I crack a smile, even as a well of empathy fills up in my heart. ‘Your parents didn’t follow you?’

‘They did, until I hit my teens and it became clear I wasn’t going to be living in one place. They asked if I wanted to do this alone. And I did. Plus, I had Lacey and security, and collectively they never let me run wild. Ever. I mean, I’ve always got two people outside my door or in my car in case a rogue fan slips in.’ His tone shifts to something a little softer. ‘It was lonely sometimes, but I think it’s important to learn how to be happy with your own company.’

In a way, I understand what he means. I’ve been around my family and friends my whole life, but since coming here, I’ve become accustomed to dealing with acute loneliness, the kind that occurs when you’re still around people. In Zayan’s case, he seems to have learned how to deal with that, but I haven’t. I find it stifling. I find myself craving friendships to fill the hole I’ve got gaping in my chest.

Overwhelmed with sudden emotion, I have nothing to add. The silence between us is heavy with memories, with feelings I don’t want to have, with questions and answers that are like knives pressing against soft skin.

I hear him swallow roughly. ‘I think it’s my turn to ask a question.’

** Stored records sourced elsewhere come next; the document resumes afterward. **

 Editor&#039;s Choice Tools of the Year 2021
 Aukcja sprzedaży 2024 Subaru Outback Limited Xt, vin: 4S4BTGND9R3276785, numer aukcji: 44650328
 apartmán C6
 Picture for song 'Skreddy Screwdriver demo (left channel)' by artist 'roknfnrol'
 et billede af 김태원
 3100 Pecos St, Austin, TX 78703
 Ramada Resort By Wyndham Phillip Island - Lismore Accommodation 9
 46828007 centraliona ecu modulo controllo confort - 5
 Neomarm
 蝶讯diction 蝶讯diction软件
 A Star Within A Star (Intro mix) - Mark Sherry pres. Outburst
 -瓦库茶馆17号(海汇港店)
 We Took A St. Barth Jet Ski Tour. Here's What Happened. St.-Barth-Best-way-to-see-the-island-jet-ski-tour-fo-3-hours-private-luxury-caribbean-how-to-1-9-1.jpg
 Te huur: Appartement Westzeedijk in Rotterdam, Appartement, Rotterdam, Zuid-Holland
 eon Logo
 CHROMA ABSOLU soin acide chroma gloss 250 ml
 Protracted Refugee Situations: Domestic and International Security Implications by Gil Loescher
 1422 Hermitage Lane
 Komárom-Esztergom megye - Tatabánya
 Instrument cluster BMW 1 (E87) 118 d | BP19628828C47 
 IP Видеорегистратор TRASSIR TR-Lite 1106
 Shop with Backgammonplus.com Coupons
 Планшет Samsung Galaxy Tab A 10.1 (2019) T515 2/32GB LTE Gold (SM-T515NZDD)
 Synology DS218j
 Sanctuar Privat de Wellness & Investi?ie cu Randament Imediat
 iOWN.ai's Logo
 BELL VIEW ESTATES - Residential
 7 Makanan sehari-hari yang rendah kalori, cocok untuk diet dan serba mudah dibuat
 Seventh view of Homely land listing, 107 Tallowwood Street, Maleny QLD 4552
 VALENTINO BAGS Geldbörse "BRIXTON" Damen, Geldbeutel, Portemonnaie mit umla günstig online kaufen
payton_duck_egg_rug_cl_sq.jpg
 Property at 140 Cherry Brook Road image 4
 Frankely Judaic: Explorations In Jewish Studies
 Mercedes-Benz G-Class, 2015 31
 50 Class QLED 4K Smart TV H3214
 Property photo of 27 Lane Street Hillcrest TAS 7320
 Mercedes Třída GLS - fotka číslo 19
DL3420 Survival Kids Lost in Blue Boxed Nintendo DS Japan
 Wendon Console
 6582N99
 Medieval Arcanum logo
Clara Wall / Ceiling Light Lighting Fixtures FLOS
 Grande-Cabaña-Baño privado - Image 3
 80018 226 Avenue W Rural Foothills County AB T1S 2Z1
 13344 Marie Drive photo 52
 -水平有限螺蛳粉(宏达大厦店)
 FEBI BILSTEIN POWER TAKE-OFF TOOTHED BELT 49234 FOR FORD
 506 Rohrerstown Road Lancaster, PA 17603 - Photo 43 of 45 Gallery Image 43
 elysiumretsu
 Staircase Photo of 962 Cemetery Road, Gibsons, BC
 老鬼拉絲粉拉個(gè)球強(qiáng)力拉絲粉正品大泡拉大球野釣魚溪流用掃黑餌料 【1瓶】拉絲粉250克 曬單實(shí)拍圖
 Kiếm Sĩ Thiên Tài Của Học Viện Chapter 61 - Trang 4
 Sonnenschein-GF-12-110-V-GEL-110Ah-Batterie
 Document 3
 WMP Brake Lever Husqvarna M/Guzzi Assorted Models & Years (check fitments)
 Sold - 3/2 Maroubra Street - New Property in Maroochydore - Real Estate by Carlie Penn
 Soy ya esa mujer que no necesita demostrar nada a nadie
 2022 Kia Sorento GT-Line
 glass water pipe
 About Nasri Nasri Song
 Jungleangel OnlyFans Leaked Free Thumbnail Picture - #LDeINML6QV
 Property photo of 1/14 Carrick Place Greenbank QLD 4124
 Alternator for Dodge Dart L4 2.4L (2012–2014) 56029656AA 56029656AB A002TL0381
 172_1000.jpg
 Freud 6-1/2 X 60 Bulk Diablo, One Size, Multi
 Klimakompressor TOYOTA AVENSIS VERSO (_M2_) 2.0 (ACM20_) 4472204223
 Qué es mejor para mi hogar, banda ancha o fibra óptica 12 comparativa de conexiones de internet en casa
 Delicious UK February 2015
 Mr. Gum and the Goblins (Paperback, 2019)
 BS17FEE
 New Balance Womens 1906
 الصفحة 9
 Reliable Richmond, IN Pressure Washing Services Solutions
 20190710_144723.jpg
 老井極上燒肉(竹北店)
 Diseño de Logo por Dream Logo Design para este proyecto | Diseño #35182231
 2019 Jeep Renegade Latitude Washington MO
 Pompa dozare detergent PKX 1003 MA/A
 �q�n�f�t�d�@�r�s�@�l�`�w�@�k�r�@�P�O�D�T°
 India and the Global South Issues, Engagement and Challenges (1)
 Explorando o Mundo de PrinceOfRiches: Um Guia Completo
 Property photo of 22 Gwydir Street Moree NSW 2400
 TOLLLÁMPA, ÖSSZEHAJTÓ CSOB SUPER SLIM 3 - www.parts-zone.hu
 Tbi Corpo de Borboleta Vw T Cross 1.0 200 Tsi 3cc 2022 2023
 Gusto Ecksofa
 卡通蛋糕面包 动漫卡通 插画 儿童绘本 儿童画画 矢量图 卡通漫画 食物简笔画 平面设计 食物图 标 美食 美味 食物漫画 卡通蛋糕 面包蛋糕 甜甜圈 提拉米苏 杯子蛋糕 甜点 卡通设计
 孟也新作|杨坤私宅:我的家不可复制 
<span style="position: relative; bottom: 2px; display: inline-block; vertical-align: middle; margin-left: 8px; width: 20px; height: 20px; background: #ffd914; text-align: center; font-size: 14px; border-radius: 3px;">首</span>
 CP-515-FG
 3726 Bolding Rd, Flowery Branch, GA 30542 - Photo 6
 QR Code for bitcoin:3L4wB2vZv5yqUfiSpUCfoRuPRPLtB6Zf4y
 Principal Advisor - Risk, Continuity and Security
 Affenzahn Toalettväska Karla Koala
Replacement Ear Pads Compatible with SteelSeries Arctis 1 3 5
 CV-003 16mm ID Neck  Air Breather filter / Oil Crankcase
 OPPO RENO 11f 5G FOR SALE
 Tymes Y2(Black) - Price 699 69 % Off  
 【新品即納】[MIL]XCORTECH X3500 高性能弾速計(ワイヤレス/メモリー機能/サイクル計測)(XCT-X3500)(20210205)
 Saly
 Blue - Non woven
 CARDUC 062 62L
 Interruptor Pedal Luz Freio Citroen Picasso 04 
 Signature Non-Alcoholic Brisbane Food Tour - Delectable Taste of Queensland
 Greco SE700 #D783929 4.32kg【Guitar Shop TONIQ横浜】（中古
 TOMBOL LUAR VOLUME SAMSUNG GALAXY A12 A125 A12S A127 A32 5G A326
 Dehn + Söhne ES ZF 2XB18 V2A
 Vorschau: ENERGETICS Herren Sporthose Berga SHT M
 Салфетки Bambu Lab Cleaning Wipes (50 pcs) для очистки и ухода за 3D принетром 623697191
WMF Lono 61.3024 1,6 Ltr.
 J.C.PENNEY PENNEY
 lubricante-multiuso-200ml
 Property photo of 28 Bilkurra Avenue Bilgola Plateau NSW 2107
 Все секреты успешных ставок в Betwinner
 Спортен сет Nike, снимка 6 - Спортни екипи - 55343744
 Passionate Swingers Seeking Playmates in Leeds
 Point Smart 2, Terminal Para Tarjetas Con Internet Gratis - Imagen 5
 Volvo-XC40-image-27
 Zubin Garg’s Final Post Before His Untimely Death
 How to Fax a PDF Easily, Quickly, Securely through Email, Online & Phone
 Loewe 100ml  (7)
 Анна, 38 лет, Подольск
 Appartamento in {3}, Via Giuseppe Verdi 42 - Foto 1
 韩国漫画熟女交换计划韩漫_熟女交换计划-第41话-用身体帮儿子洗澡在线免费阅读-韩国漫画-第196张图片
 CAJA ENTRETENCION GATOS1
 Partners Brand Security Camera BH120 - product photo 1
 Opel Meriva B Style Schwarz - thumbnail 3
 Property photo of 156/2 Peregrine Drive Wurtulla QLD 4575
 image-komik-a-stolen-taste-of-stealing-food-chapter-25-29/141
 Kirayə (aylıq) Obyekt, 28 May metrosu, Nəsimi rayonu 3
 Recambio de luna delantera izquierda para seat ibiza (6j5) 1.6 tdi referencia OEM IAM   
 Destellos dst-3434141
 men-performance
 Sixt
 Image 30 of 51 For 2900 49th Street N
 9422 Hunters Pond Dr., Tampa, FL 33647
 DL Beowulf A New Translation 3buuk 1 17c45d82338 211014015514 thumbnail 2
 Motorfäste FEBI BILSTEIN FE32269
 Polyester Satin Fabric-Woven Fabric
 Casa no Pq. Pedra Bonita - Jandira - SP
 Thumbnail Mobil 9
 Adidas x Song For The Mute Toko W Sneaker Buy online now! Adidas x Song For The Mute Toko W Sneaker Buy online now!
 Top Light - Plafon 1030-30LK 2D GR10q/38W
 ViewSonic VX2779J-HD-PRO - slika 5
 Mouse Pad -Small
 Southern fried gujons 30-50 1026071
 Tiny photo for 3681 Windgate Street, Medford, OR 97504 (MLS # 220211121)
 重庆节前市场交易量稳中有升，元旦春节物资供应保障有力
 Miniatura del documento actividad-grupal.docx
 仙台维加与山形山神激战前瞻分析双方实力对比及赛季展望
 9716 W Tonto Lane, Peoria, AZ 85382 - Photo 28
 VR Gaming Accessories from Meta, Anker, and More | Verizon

I let him change the subject, steadying myself against the headboard I’m now pressed up against. I know it’s a long shot, but I desperately, painfully hope he doesn’t ask about my LSDCATS audition. I’m not sure I could give him the truth.

‘Shoot,’ I say, masking the nerves in my voice.

‘Why are you doing this?’ Zayan asks. ‘Why are you so desperate to be on stage? What is it about being on stage that has you agreeing to be in a fake relationship with a guy you don’t know?’

The twisted fear and anticipation I had over his potential question dissipates.